Wednesday, January 18, 2012

Could Tampa Bay learn from Cal Ripken's stadium snub in Sarasota?

SARASOTA, Fla. - While Tampa Bay tries to sort out its stadium stalemate, critics of public subsidies in Sarasota are sending a warning to their friends to the north.

Three years after Sarasota landed Orioles spring training with a $31.2 million upgrades package, some of the promised benefits to the county still have yet to materialize. That includes a Cal Ripken Jr. Youth Baseball Academy, similar to two other year-round facilities in Aberdeen, Md., and Myrtle Beach, S.C.

"The public was promised one thing and now the Orioles and Cal Ripken aren't coming through," said Cathy Antones, president of Sarasota Citizens for Responsible Government. "It seems that when you put the name Major League Baseball or someone like Cal Ripken or the Orioles on it, [county commissioners] lose their common sense."
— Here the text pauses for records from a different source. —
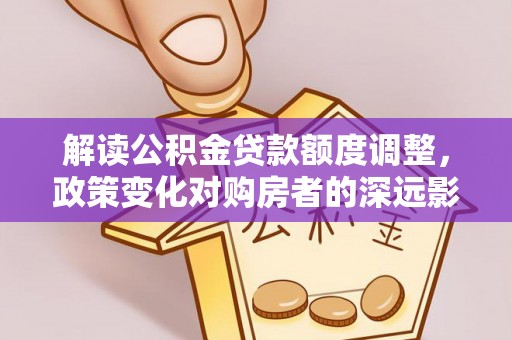 惠水解读公积金贷款额度调整，政策变化对购房者的深远影响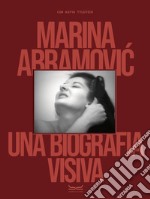 Marina Abramovic. Una biografia visiva. Ediz. illustrata libro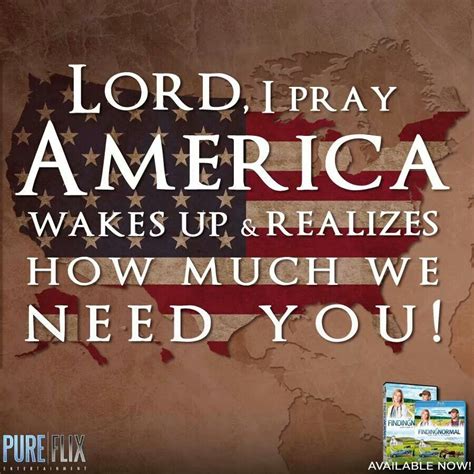 Lord America Needs You More Than Ever Pray For America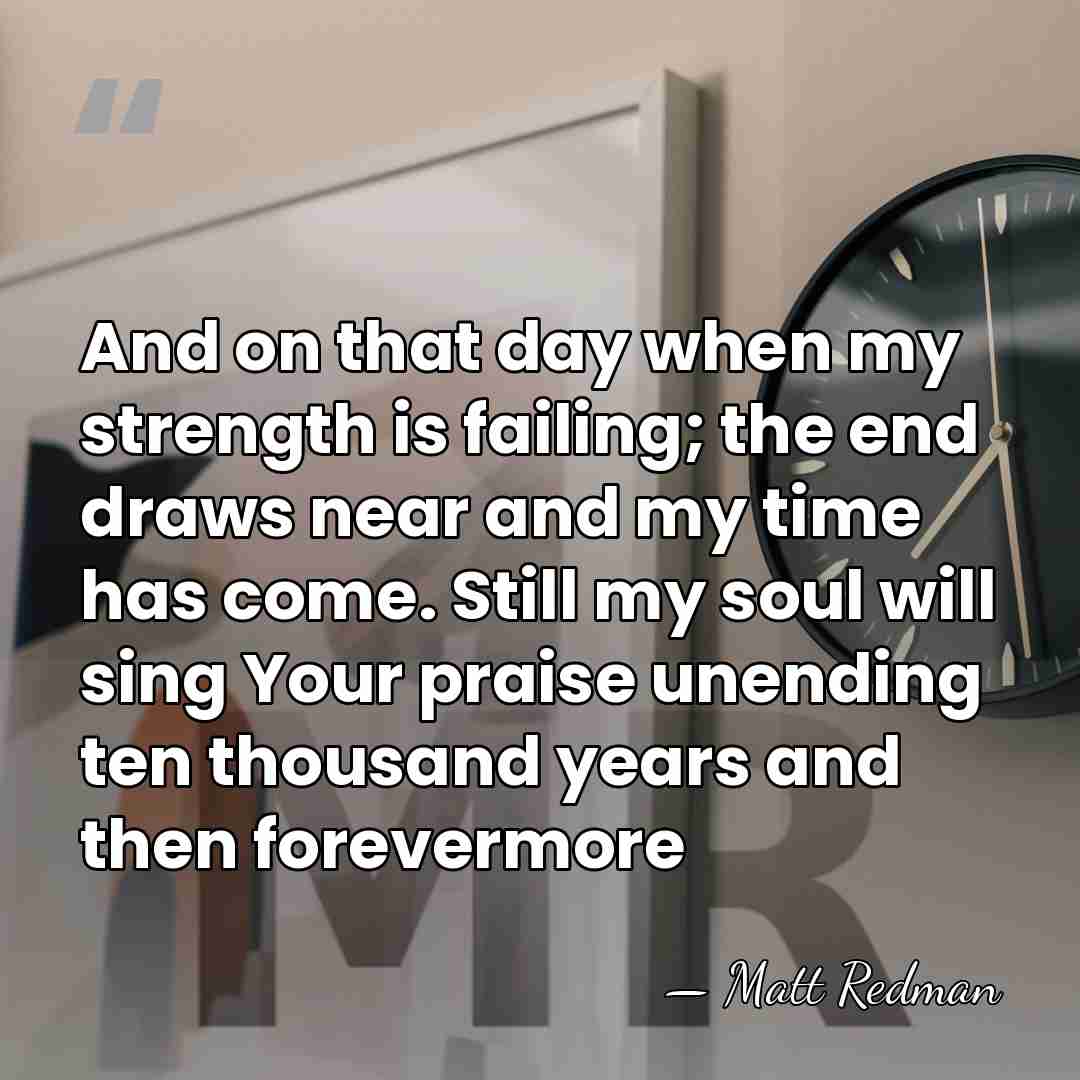 And on that day when my strength is failing; the end draws&hellip; - Matt Redman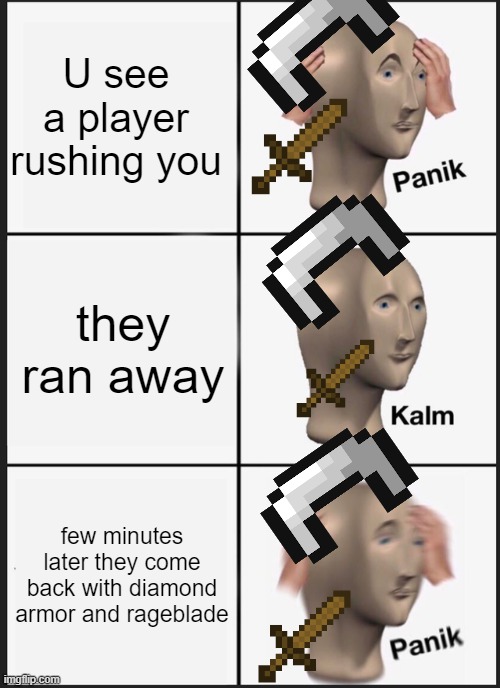 Panik Kalm Panik | U see a player rushing you; they ran away; few minutes later they come back with diamond armor and rageblade | image tagged in memes,panik kalm panik | made w/ Imgflip meme maker
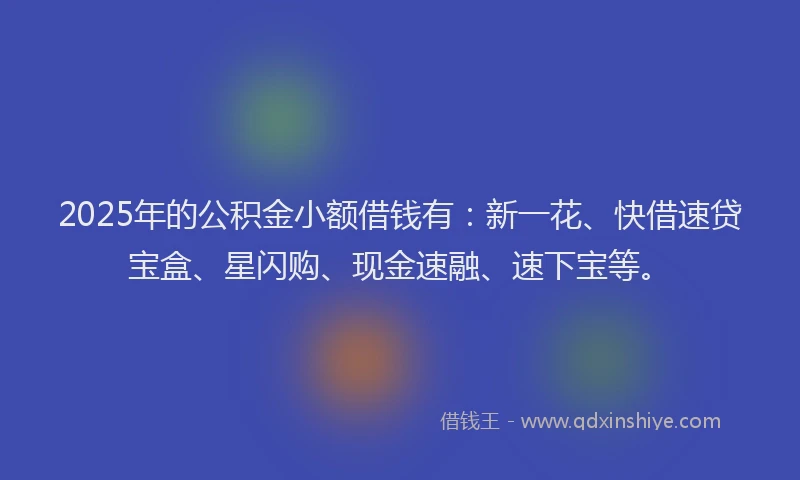2025年的公积金小额借钱有：新一花、快借速贷宝盒、星闪购、现金速融、速下宝等。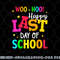Woo Hoo Happy Last Day of School For Teachers Students png, digital download copy.jpg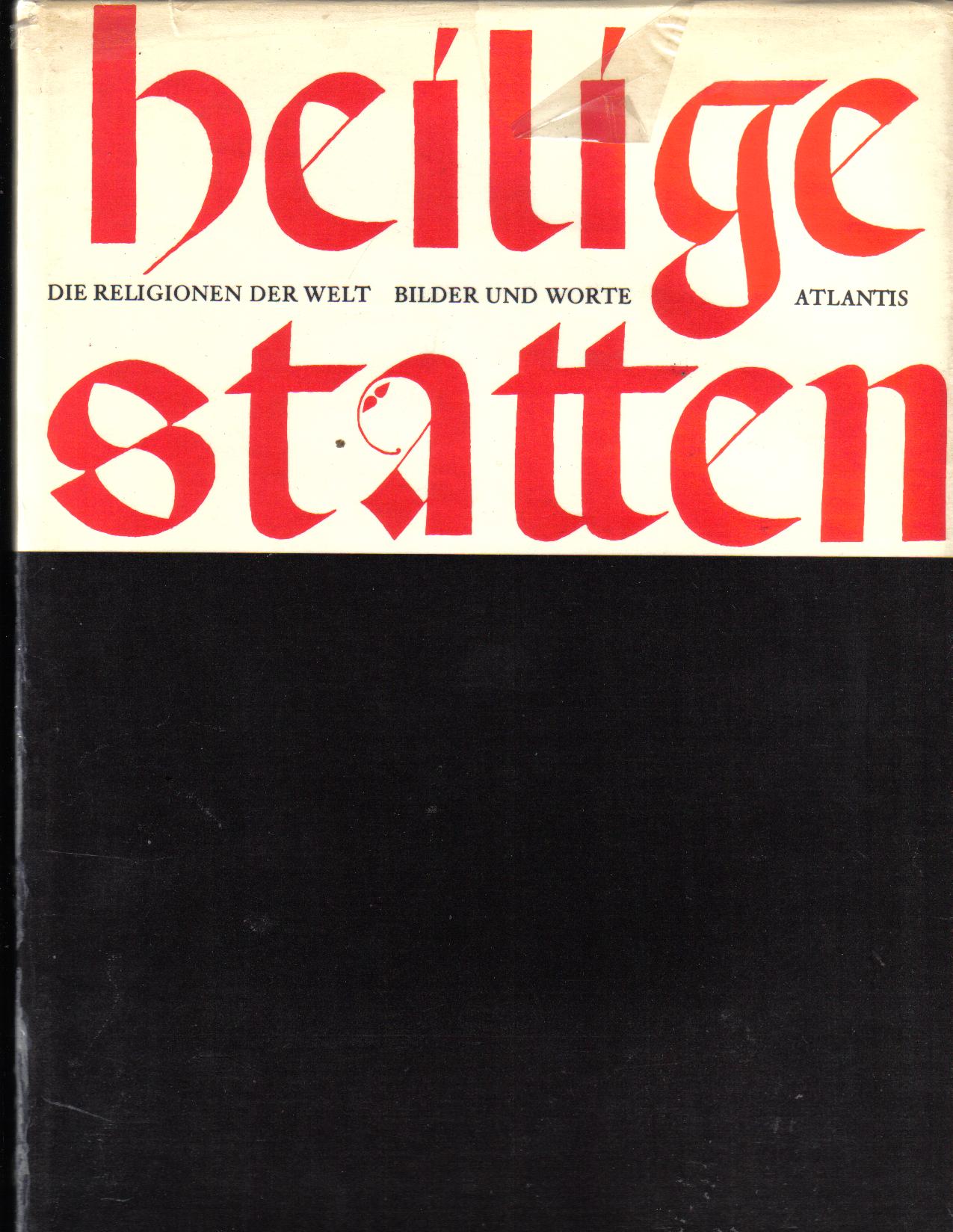 heilige staettenDie Religionen der Welt Bilder und Worte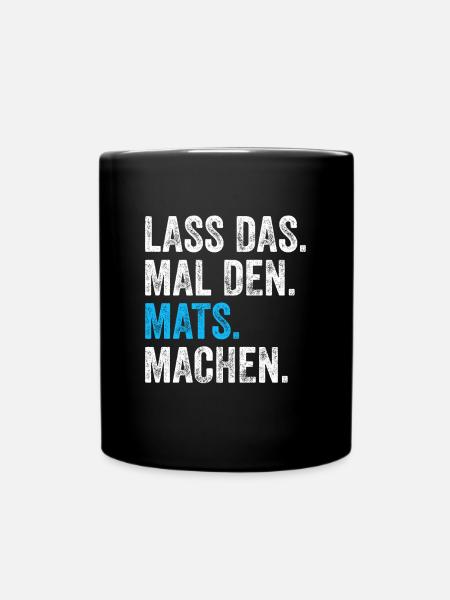 Lass das mal den Mats machen Name - Tasse einfarbig - Schwarz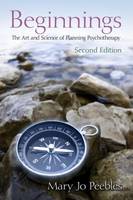 Beginnings: The Art and Science of Planning Psychotherapy: Second Edition
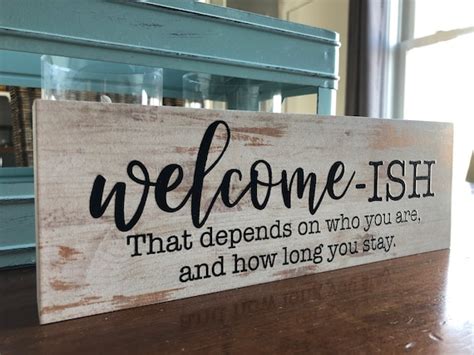 Welcome Ish Funny Home Signs Rustic Home Decor 35x10 Etsy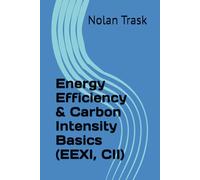 Energy Efficiency & Carbon Intensity Basics (EEXI, CII) (SolarisTech Learning Series)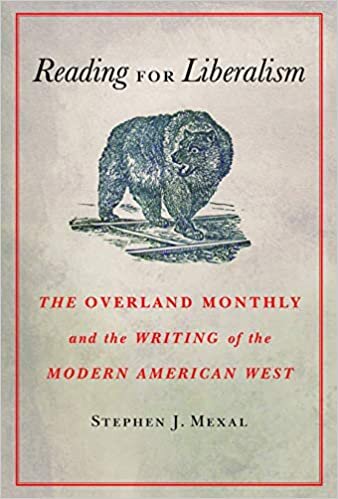 Reading for Liberalism: The Overland Monthly and the Writing of the Modern American West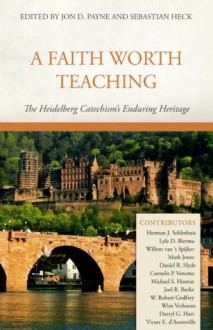 A Faith Worth Teaching: The Heidelberg Catechism's Enduring Heritage - Jon D. Payne, Sebastian Heck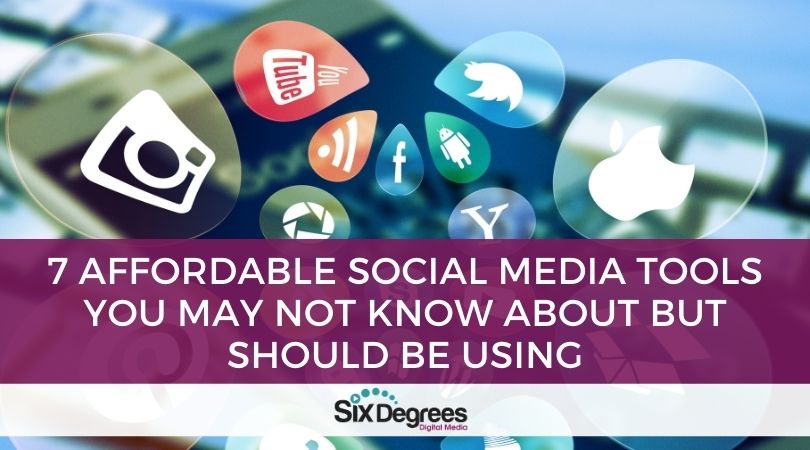 7 Affordable Social Media Tools You May Not Know About but Should be Using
Ripken is now in talks with neighboring Charlotte Co. to possibly build his youth academy in Port Charlotte. The Ripken Baseball Group claims economic impact from the facility could reach $40 million.

But the Orioles, who put out a press release in 2009 touting the Ripken academy, never wrote a guarantee into their contract with Sarasota County. They say nobody was misled and they still plan on developing a youth academy, even if Ripken builds his own just down the road.